Capital Markets Authority draws out Mumias share freeze
Investors yearning to trade in Mumias Sugar Company shares will have to wait a little longer after the Capital Markets Authority (CMA) announced it had extended the company’s trading suspension for an extra three months.
The extension means that the 130,951 small investors who own shares in the ailing sugar miller will have to wait longer to access their stock which has remained frozen since the company was placed under receivership in September this year.
In a statement, Nairobi Securities Exchange (NSE) said CMA had extended the suspension, effected September this year, for a period of three months beginning this December 27.
“Notice is hereby given on the extension of suspension from trading of Mumias Sugar Company Plc shares following the placement of the company under receivership on September 20, 2019,” the statement from NSE read.

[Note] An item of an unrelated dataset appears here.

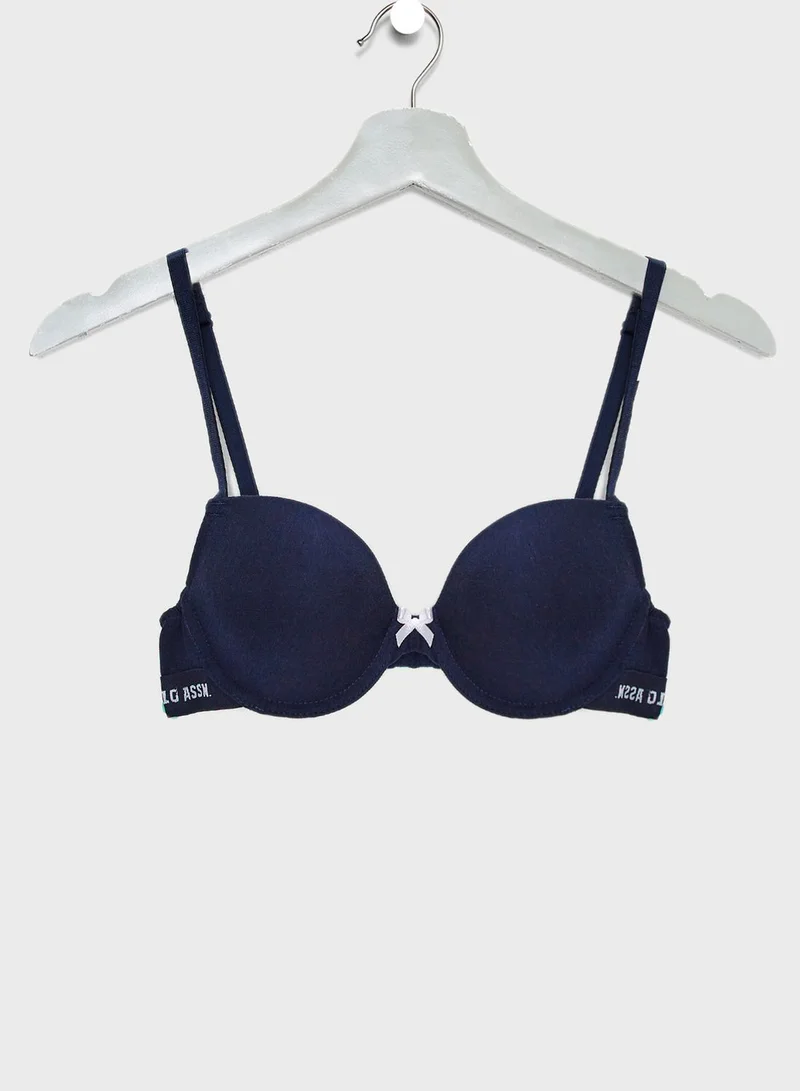 U.S. Polo Assn. Logo Band Lingerie Set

“The extension of suspension from trading the company’s shares is for a further three months with effect from December 27, 2019.”

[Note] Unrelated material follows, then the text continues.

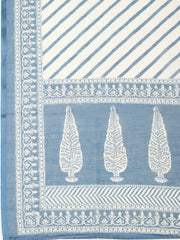 Printed Cotton Blend Unstitched Suit With Pant & Dupatta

In September, CMA suspended Mumias shares from trading after the miller was placed under receivership over Sh12.5 billion it owed KCB and other creditors.
CMA also extended the suspension of Deacons East Africa shares from trading for a similar period beginning December 2 this year after the board of the insolvent fashion retailer appointed joint administrators to run its affairs.
“Notice is hereby given on the extension of suspension from trading of Deacons EA Plc shares following the appointment of joint administrators by the board of the company to run its business in accordance with the Insolvency Act No 18 of 2015,” a statement from NSE reads.
“The extension of suspension from trading the company’s shares is for a further three months with effect from December 2, 2019,” it adds.
The collapse of Deacons was fuelled by the loss of Woolworths and Mr Price, its key franchises, in addition to heavy debts and increased competition.
Investors who have shares in both companies have no option but to wait, according to analysts.